ONE great educator became so infuriated with what he called the
licentious, outrageous and disgraceful behavior of students at his
college that he quit in disgust. The college was at Carthage, the year
was A.D. 383, and the dismayed teacher, as he relates in Confessions,
was St. Augustine. Sometimes students can try the patience of a saint. One of those times is now. Seldom before have so many groups of students
organized so militantly or seemed to try so hard to reorder their
colleges, their countries or the world at large. It is the biggest year
for students since 1848—a year of student-led revolution in Europe. The rise of this obstreperous generation is a genuine phenomenon. It was
unforeseen by educators, who scarcely a decade ago were overstating the
case in criticizing what came to be called “the silent generation.” Now
the cry for student power is worldwide. It keeps growing and getting a
lot of attention and quite a few results. For the first time in many
years, students are marching and fighting and sitting-in not only in
developing or unstable countries but also in the rich industrial
democracies. In the U.S., the movement has spread from the
traditionally active, alert and demonstrative student bodies of the
elite schools to many usually quiescent campuses. The protesting activists, still a very small minority, overlook the
accomplishments of society but criticize its shortcomings. Possibly
idealistic but skeptical of ideologies, they contend that governments
have not performed up to their original promises. The student leftists
disdain Soviet-style Communism as spiritually corrupt. The democrats
fault the West's inequalities of wealth and race. The activists demand change and want to determine its course. The
university should not be the conserver of society, they argue, but the
fountain of reform. They believe that students should be not merely
preparing to enter the active world but a force within it. Many of them
have a fashionable disaffection for organized religion, but they
express the Judaeo-Christian belief that one man should act where he
is, and that if he does so, he can help to change the world. | Demonstrations & Issues During the past three
months, students have demonstrated for change in 20 countries.
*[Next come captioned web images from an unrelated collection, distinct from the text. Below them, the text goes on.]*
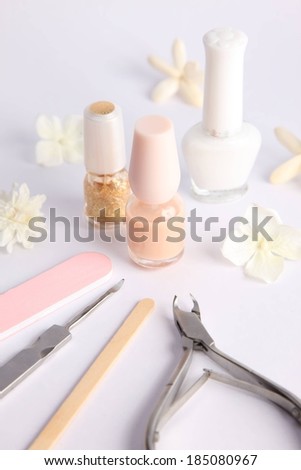 A bunch of nail polish with other cosmetic tools.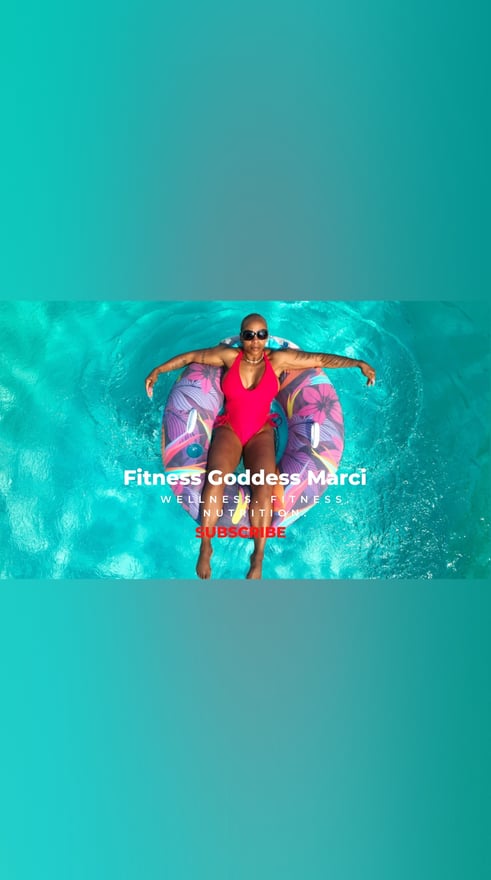 A woman relaxing in a pink swimsuit on a purple float in a turquoise pool, smiling confidently with sunglasses on.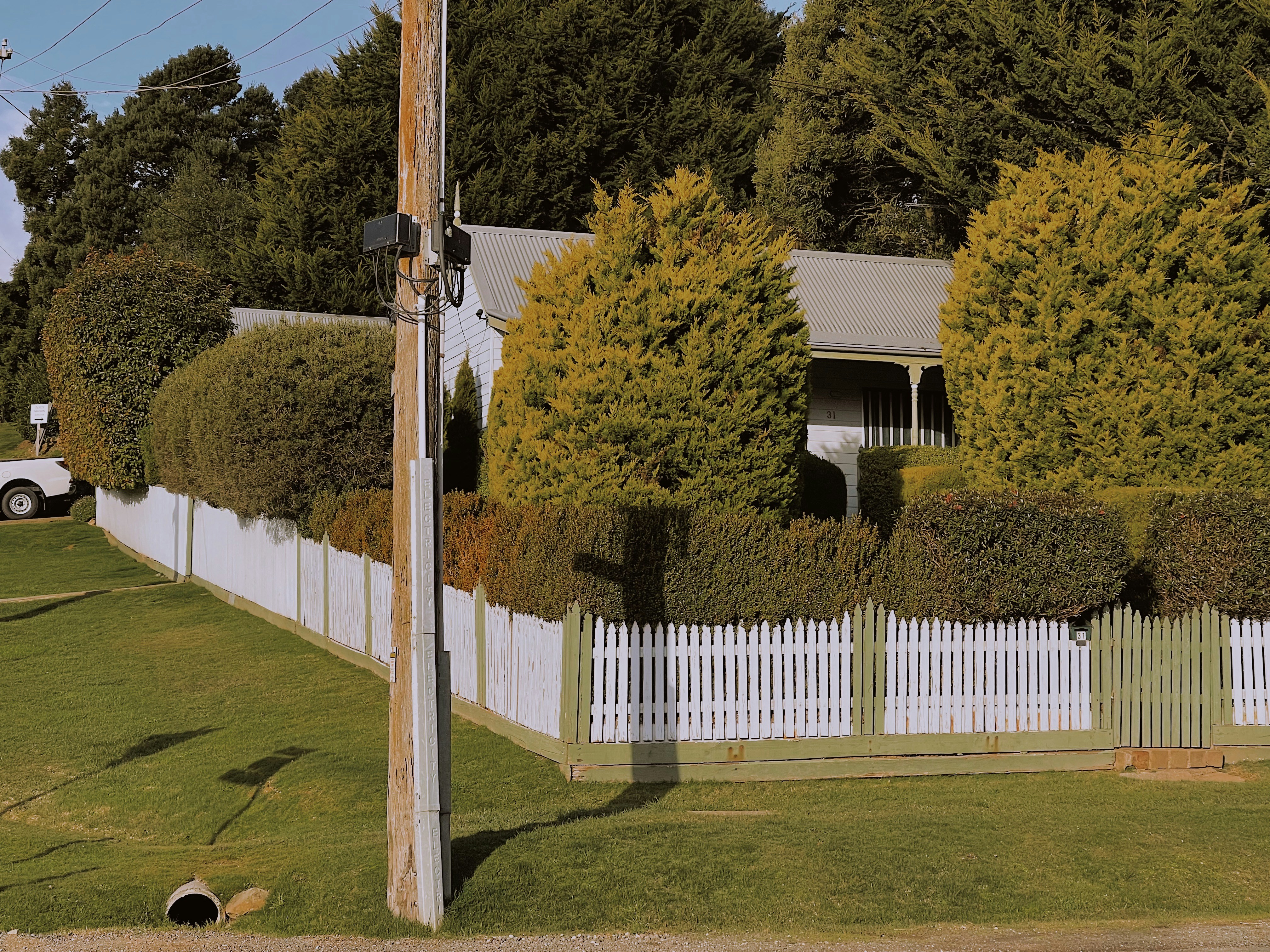 a white picket fence in front of a house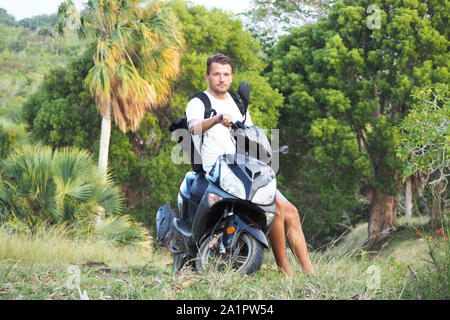 Ein Mann sitzt auf einem Motorroller in der Natur. Dominikanische Republik. Stockfoto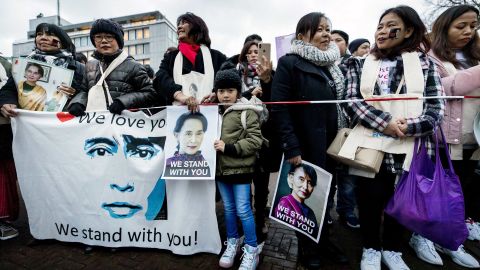 Protesters in support of Myanmar's State Counsellor Aung San Suu Kyi stand in front of the Peace Palace of The Hague.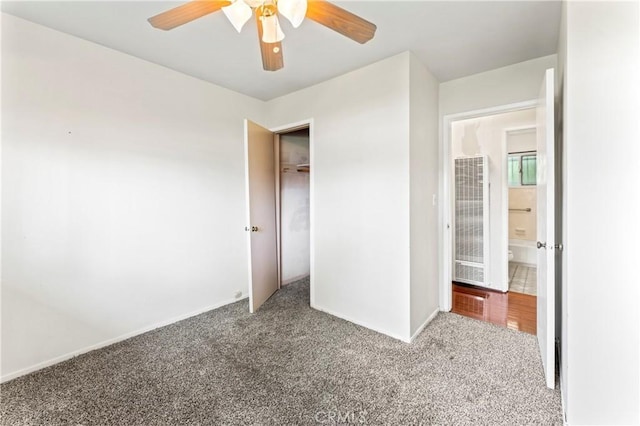 4303 Kansas Ave, Riverside, CA 92507 - unfurnished bedroom with a heating unit, carpet floors, a closet, baseboards, and a ceiling fan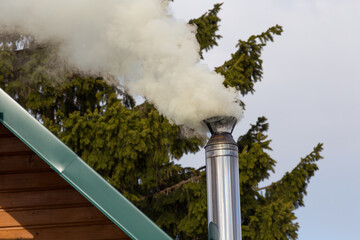 Smoke comes from the chimney. Stove heating. Pollution of the atmosphere by soot.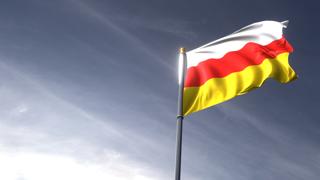 남오세티아 국기, 어두은 파란 하늘을 배경으로 위로 올려다보이는 국기와 국기봉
They
have taken to the streets in such usual centers of student unrest as
Brazil, Japan and The Netherlands and in such normally placid places as
Denmark, Switzerland and West Germany. Student protests have led to the
temporary closing of at least three dozen universities in the U.S.,
Italy, Spain, Tunisia, Mexico, Ethiopia and other countries. Belgian
student demonstrations, fanning the old Flemish-v.-Walloon controversy,
brought the government down. Egyptian students, marching in spontaneous
protest against government inefficiency, obliged Gamal Abdel Nasser to
rearrange his Cabinet. Communist Poland put down street demonstrations,
but only after suspending more than 1,000 rebellious students. More
successful were Czechoslovakia's students: their protests were a
significant factor in pushing out the old Stalinists and shifting the
direction of government toward greater liberty.